With regard to micromanagement, Jones observed that the guidance in SLBs 14J and 14K could be interpreted “to mean that any limit on company or board discretion constitutes micromanagement, which seemed inconsistent with the Commission’s articulation of the rule.” In SLB 14L, the staff again returned to the staff’s position in 1998, which did not necessarily deem details or timeframes to be micromanagement. Instead, the staff’s “analysis will focus now on the level of granularity sought and whether the proposal inappropriately limits discretion of the board or management. Put differently, we expect the level of detail included in a proposal to accord with what investors need to assess an issuer’s impacts, progress towards goals, risks or other strategic matters that are appropriate for shareholder input.”

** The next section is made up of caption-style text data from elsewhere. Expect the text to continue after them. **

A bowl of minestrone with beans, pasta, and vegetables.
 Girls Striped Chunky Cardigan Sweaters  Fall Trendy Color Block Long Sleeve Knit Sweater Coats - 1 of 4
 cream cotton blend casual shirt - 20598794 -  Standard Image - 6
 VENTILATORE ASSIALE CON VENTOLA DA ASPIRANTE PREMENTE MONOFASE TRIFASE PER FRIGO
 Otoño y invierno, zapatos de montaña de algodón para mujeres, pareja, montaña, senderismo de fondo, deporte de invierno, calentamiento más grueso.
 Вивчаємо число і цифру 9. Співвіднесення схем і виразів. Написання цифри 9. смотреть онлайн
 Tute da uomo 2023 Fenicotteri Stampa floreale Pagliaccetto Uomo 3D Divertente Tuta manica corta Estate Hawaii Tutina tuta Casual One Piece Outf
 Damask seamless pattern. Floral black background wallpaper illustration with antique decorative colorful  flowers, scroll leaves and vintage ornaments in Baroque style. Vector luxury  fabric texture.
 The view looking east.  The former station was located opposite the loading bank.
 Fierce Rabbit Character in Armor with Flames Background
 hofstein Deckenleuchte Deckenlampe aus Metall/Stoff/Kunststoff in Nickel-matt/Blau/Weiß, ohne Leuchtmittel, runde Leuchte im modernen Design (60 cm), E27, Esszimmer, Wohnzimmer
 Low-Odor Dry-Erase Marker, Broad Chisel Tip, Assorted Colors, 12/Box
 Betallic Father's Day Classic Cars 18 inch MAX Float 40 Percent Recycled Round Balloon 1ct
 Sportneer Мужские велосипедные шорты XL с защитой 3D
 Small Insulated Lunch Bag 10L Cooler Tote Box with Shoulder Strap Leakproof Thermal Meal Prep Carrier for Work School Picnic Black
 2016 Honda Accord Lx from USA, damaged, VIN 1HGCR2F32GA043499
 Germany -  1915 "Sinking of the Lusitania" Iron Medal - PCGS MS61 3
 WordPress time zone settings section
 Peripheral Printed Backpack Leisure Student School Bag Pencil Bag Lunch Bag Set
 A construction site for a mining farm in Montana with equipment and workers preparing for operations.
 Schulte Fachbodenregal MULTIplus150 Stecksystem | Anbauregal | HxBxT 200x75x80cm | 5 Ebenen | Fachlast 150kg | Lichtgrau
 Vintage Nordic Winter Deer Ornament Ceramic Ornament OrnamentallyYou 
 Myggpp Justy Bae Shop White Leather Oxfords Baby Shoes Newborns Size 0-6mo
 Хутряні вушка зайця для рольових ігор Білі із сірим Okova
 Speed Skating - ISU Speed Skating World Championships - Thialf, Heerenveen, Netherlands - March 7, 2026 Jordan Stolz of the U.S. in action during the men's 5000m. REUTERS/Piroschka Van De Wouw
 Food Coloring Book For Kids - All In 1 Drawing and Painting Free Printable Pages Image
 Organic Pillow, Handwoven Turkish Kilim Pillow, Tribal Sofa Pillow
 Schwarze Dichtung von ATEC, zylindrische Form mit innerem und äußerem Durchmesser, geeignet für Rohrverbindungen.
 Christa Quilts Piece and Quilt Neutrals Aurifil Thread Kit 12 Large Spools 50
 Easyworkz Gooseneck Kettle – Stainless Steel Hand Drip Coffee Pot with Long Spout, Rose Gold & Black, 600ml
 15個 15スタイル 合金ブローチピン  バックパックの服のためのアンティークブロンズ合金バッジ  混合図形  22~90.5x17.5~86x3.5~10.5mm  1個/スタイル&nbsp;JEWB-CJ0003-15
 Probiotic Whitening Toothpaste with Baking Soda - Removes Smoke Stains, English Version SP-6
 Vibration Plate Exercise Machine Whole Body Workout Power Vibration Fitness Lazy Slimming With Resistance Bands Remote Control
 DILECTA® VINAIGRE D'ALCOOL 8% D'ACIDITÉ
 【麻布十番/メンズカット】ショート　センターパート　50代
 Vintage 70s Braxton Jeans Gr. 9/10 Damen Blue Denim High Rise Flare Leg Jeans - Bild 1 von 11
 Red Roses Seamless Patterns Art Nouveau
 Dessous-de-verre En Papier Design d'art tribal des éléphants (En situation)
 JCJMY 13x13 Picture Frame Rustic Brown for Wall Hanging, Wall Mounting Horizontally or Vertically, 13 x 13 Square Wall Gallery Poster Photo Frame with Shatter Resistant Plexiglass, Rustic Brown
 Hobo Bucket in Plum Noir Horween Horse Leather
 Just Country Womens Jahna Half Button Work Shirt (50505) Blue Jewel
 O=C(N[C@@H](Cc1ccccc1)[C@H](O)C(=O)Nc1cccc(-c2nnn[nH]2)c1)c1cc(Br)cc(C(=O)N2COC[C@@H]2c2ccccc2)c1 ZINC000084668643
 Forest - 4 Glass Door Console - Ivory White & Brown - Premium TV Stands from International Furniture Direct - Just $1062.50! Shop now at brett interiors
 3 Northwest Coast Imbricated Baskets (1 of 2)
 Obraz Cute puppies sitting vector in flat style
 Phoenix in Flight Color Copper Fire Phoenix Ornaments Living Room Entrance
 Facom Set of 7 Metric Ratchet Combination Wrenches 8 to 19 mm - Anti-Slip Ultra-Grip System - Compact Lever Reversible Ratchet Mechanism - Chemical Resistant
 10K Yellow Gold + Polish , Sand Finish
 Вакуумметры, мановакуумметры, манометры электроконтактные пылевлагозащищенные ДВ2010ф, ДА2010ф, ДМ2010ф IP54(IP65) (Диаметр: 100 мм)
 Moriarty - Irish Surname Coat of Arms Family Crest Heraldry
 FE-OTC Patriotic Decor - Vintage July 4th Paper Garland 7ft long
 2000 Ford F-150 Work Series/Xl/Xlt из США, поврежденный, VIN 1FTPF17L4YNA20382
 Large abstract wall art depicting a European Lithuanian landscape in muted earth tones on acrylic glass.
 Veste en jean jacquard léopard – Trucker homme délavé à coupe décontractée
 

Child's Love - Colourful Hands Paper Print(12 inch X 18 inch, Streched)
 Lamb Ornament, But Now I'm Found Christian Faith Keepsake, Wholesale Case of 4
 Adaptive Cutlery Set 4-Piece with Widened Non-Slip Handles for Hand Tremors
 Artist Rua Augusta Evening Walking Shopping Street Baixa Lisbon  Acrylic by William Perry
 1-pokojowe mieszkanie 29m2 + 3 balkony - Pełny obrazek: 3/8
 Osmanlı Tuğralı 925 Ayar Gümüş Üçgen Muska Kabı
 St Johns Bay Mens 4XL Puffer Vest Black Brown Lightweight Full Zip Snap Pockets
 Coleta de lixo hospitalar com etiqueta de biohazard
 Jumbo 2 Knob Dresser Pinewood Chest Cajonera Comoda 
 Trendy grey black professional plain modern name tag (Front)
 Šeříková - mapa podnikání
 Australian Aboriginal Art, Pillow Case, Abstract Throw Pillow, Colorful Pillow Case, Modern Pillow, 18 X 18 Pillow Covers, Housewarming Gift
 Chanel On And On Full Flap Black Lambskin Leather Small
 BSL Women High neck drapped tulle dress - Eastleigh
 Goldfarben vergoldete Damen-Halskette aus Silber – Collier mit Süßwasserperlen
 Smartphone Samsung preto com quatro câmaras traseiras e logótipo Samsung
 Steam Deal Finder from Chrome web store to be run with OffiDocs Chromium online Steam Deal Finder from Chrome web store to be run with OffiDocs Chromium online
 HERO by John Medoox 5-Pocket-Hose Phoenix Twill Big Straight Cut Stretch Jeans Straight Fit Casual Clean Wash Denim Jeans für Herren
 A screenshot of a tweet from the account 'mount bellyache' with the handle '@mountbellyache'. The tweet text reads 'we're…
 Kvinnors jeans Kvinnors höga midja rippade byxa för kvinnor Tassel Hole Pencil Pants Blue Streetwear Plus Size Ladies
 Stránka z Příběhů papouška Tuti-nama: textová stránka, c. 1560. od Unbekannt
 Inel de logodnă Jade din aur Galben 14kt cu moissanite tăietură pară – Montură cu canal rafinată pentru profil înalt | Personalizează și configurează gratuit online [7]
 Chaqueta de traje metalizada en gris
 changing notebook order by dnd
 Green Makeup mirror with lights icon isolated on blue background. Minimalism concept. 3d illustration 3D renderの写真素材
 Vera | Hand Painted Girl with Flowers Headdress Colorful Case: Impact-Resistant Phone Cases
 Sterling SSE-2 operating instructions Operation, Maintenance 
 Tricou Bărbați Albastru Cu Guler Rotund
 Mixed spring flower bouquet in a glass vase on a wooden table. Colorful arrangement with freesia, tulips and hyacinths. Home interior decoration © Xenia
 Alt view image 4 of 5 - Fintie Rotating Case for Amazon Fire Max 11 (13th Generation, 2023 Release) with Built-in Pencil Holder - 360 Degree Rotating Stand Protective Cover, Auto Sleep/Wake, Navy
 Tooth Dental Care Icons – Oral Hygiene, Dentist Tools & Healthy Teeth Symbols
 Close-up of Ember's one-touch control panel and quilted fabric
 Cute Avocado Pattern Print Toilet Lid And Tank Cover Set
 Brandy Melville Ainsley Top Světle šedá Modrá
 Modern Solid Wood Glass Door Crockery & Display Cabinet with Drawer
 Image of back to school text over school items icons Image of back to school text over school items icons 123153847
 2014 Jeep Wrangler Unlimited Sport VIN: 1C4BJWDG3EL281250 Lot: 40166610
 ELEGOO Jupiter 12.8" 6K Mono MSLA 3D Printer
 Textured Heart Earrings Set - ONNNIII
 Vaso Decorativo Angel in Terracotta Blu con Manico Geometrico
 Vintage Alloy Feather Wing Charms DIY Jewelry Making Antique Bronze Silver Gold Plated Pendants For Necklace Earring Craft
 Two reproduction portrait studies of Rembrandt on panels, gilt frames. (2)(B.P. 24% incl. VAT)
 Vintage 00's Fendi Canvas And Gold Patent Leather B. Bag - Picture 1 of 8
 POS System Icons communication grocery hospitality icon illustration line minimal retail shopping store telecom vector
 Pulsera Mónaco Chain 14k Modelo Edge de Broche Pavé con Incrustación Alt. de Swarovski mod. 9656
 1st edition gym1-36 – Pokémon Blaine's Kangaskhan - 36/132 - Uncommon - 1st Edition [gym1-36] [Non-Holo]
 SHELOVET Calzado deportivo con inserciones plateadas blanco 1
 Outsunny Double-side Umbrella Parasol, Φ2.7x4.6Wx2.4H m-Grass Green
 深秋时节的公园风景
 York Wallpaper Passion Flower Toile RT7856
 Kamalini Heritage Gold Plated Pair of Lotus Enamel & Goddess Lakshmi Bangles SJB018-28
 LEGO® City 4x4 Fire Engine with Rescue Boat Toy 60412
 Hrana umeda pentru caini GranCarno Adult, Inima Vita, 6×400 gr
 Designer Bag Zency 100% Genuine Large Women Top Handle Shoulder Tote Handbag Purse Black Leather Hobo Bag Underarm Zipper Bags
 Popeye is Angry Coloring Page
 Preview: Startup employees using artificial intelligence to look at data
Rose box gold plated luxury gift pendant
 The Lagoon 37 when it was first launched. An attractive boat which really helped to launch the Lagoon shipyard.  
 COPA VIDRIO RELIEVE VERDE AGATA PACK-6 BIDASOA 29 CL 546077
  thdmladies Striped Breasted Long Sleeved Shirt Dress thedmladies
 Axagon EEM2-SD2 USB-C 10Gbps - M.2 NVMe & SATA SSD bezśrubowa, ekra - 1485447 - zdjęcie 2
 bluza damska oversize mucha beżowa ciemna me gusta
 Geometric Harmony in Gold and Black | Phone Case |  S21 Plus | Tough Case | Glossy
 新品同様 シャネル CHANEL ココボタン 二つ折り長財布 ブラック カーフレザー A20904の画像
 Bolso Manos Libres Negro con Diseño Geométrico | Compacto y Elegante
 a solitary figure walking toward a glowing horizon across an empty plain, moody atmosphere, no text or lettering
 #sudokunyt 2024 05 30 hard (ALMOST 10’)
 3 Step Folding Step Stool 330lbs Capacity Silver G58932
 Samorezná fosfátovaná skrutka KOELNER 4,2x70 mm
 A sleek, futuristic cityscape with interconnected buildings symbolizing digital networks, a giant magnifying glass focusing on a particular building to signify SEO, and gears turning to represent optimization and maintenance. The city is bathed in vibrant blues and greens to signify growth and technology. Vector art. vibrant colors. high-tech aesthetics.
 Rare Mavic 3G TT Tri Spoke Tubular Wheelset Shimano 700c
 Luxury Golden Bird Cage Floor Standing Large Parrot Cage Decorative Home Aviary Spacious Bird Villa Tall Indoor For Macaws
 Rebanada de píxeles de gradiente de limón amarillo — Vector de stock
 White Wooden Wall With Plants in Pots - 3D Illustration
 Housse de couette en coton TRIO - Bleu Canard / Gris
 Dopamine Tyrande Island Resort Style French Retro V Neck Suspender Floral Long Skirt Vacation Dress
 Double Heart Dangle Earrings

Finally, with regard to “economic relevance” under Rule 14a-8(i)(5), Jones observed, SLB 14L returned to the prior policy that precludes exclusion of proposals “that raise issues of broad social or ethical concern that are related to the company’s business…, even if the relevant business falls below the numeric thresholds in the rule.” Jones emphasized, however, that ‘there still must be a nexus between the policy issue and the company. In other words, the social policy issue must be “otherwise related” to the company’s business, even if it is below the 5% threshold.”
Current proxy season
Jones announced some data regarding the current proxy season to that point. The staff had so far received 231 no-action requests (compared to 253 last year), with the most common topics being corporate governance (64), environmental (31), discrimination (19), human rights (11), lobbying (9), executive comp (8) and political spending (5). In the addition, the most frequent bases for exclusion asserted “ordinary business” (100) under Rule 14a-8(i)(7), “ownership and other eligibility provisions” (88) under Rule 14a-8(b), “substantially implemented” (86) under Rule 14a-8(i)(10) and “contrary to the proxy rules” (42) under Rule 14a-8(i)(3). So far, about 20% of no-action requests have been withdrawn, the majority of which, the staff believes, reflect engagement and compromise between the company and the proponent. She advocates more cooperation and engagement regarding disputes over a proponent’s eligibility to submit a shareholder proposal.
Note that there may be additional proposals from the SEC on this issue. The topic of shareholder proposals appears on the Fall 2021 regulatory agenda with a target date for a proposal of April 2022 (see this PubCo post), and Jones reports that they are “considering ways to add clarity and reduce ambiguities and uncertainties surrounding the application of certain provisions in the rule.”